Community forestry involving bringing open access forest lands under common property resource management regimes through autonomous community initiatives, even by indigenous community institutions with strong resource management traditions, in contexts where the dominant cultural tradition excludes women from political participation at the community level, can have a drastic impact on women's customarily recognised access to forest resources, both in the short and longer terms. As in such contexts, community institutions are effectively male institutions, such initiatives essentially entail control over access to such lands being taken over by the men even in 'undisturbed' indigenous community situations. Despite women being the major resource users, gender relations exclude them from direct participation in developing the new management regimes.

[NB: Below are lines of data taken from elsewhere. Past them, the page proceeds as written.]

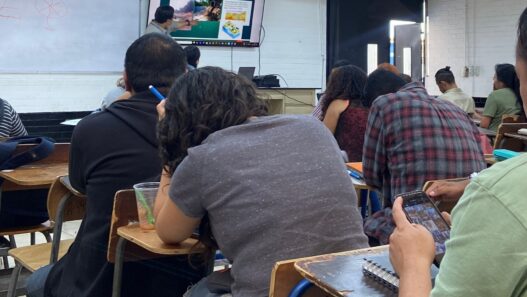 La combinación de estudio y trabajo incrementa los niveles de estrés y puede afectar la salud mental de las personas. (Foto: Alisson Seijas / AUN)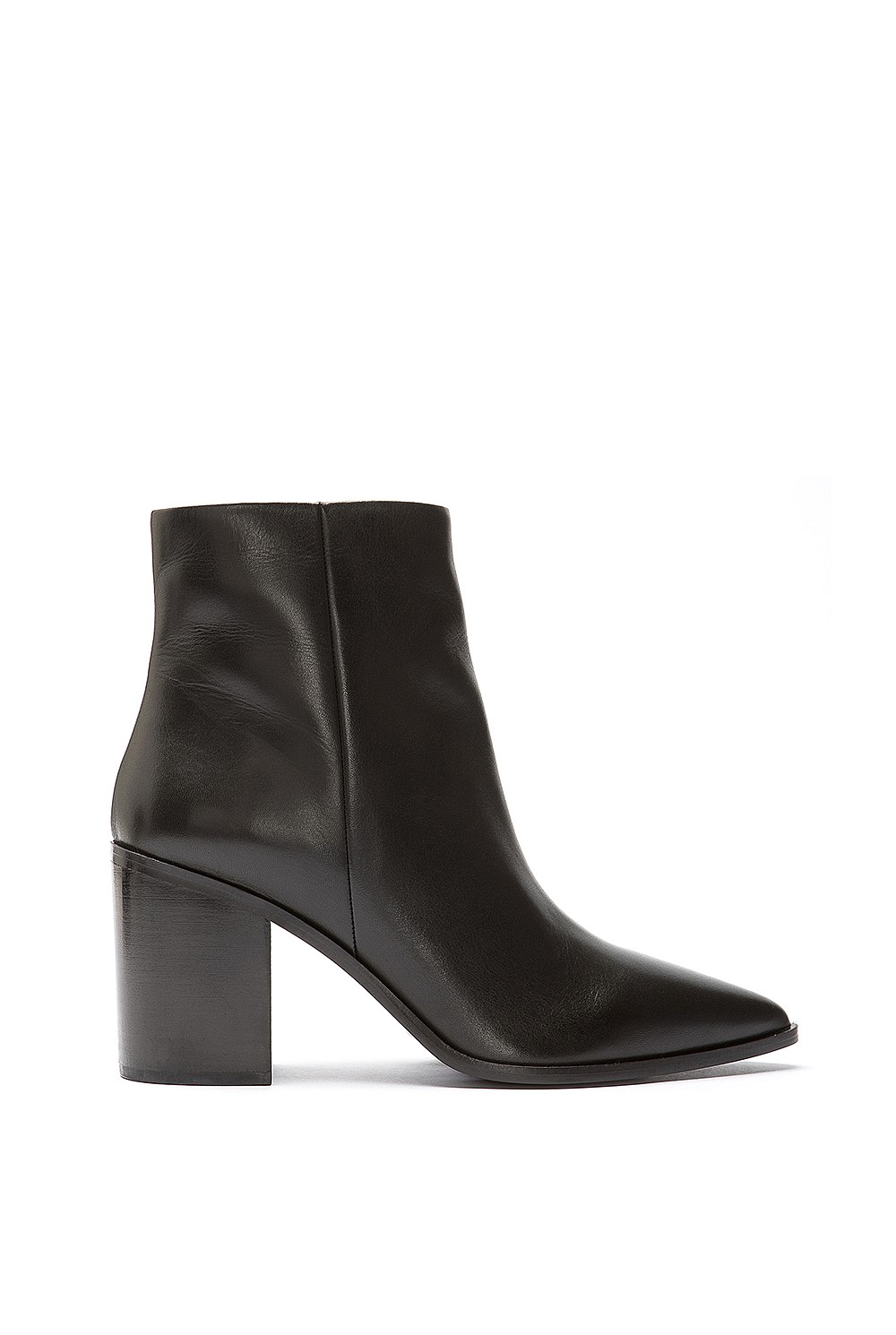 Adriana Boot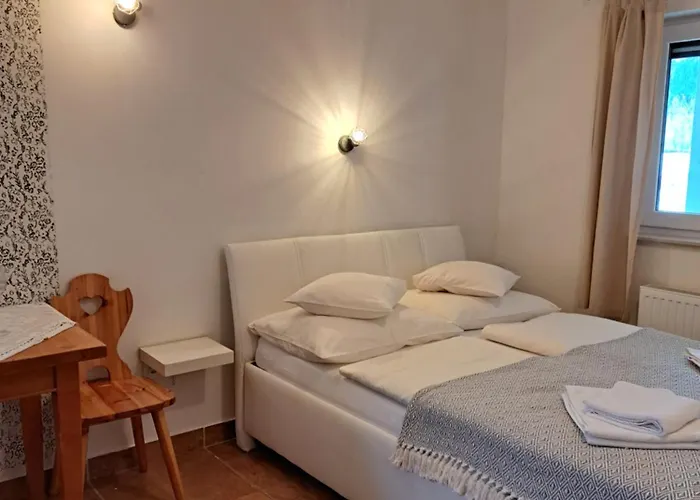 Kristijan דירה *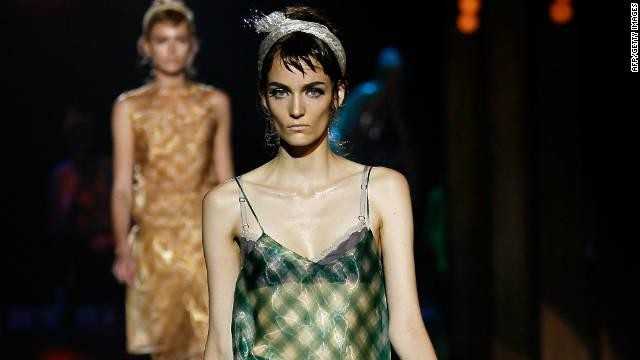 Mẫu của nhà thiết kế lừng danh Marc Jacobs bị đánh cắp ảnh 1
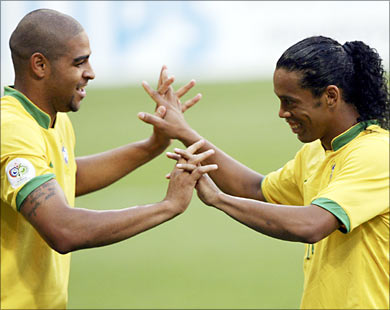 رونالدينيو (يمين) وأدريانو لن يشاركا في مونديال جنوب أفريقيا 2010 (رويترز-أرشيف) 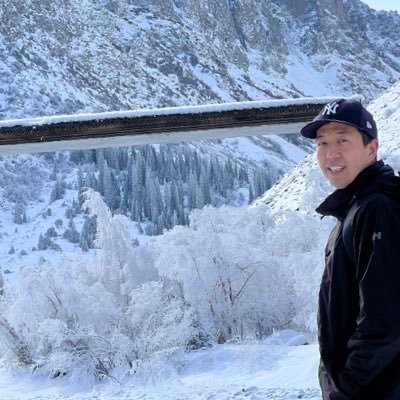 Ulukmyrza's profile picture. building arabel w ai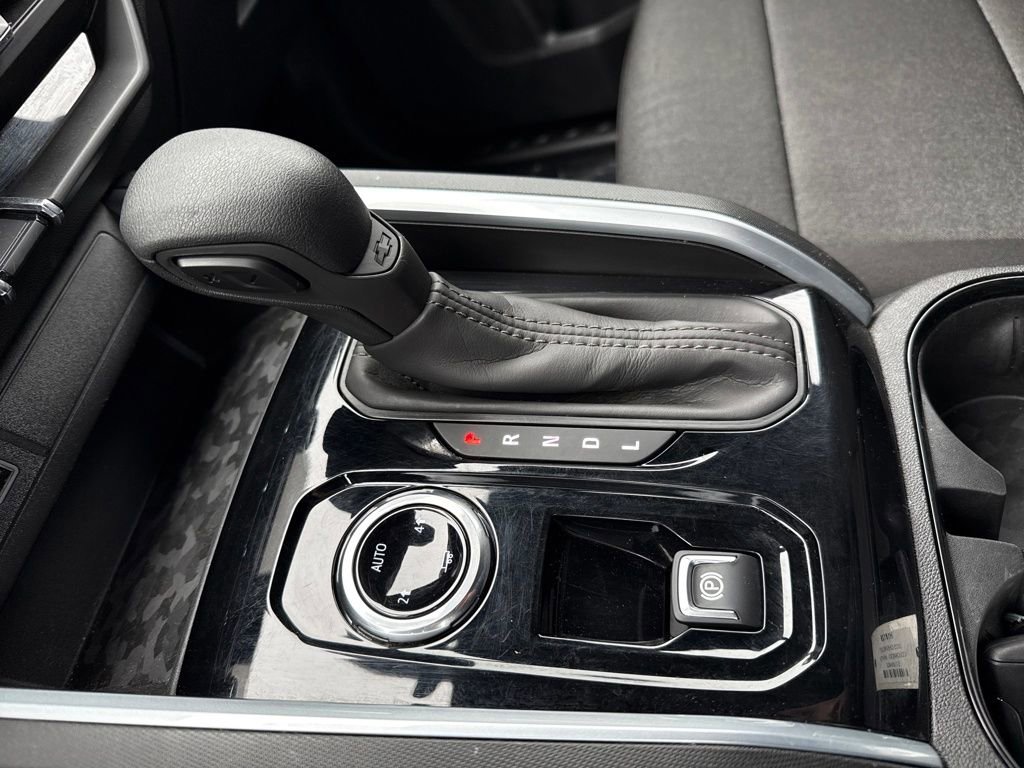 Used 2025 Chevrolet Colorado W/T image 32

The resulting drastic curtailment of women's access to forest resources without any reduction in their gender based responsibilities for household provisioning can generate acute latent gender based conflicts. However, these may remain hidden and not easily discernible due to cultural values inhibiting women from questioning male authority, particularly in public. To some extent, women may be able to influence male decisions and rules through subtle indirect negotiations. Even these, however, are mediated by class. Women of socio-economically higher status have a greater ability to protect their interests through their men due to being higher in the power hierarchy. As women are not a homogenous category, and because even indigenous community institutions reflect the existing hierarchy of power relations within communities, women (and men) of the most marginalised groups (such as the Naiks) are least able to negotiate their interests. For those with no access to a conflict management mechanism, the only recourse available is direct action of challenging the new access regime by violating its rules in practice.

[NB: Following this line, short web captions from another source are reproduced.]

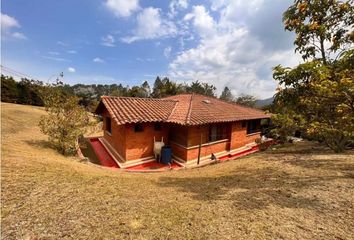 Villa-Quinta en  Maceo, Antioquia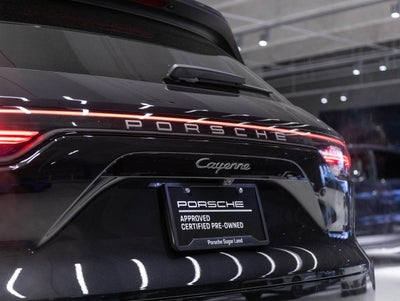 2022 Porsche Cayenne Cayenne Platinum Edition (MY22)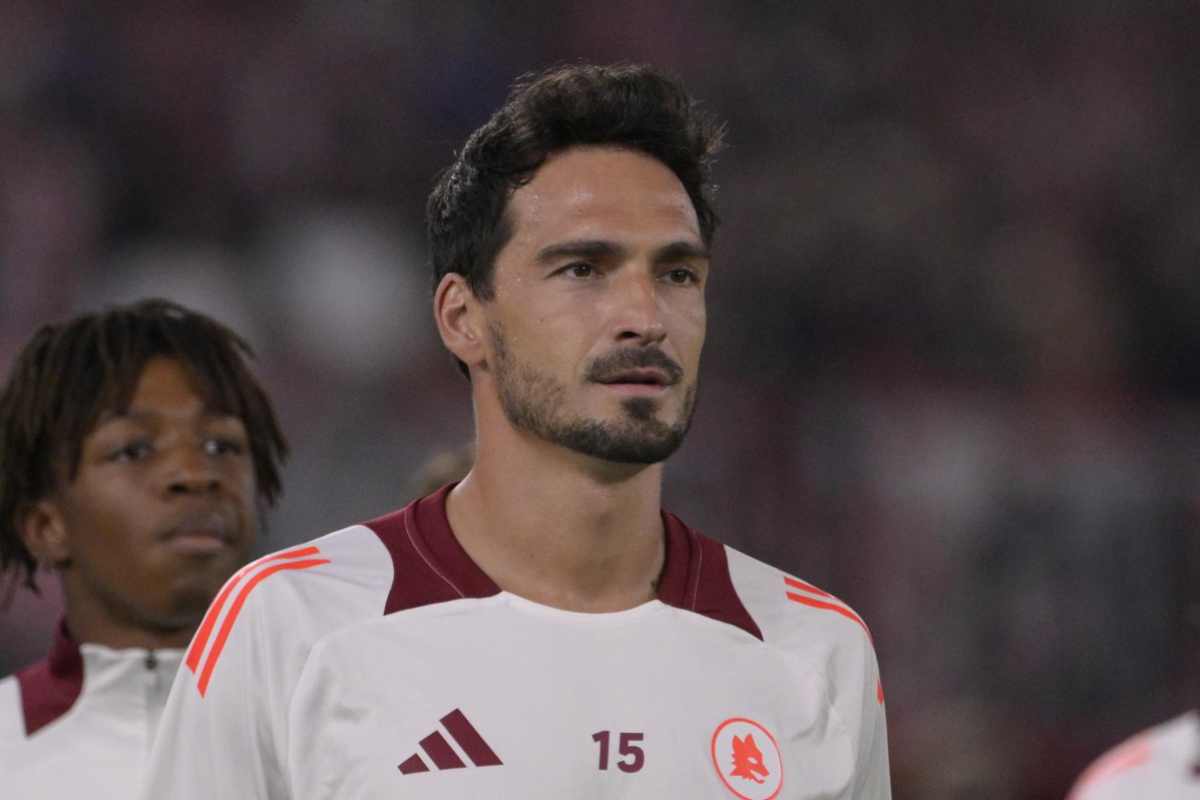 Hummels con la maglia della Roma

Whether women and marginalised groups are empowered or further marginalised by conflict management programmes will be dependent on the conceptual understanding of the facilitating agency about the dynamics of hierarchical power relationships within communities and on whether it has an explicit commitment to altering the existing balance of power in favour of the relatively powerless.

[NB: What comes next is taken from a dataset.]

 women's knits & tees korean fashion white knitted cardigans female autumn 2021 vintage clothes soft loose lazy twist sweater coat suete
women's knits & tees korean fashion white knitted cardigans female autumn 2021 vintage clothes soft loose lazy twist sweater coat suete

In the above case study, SARTHI's programme of interaction with the self-initiated forest protection groups had an explicit goal of long term empowerment of women by promoting their strategic gender interests. The three key elements of SARTHI's strategy were: facilitating perceptual and attitudinal change about gender relations among both women and men; an uncompromising stand on women's equal rights; and promoting the transformation of traditional all male community institutional structures through the incorporation of women and the recognition of women as equally responsible adults in their own right. It is only after space was created for women to directly participate in forest management decisions, combined with facilitating discussion on the gender differentiated impact of male protection rules that the latent gender based conflict started becoming manifest. SARTHI's interventions over a two year period have evidently initiated a process of longer term change in gender relations in at least some of the community groups. From the initial situation two years earlier when male leaders questioned the very need of involving women, today some of those same leaders have become the advocates of women's equal rights among other community groups.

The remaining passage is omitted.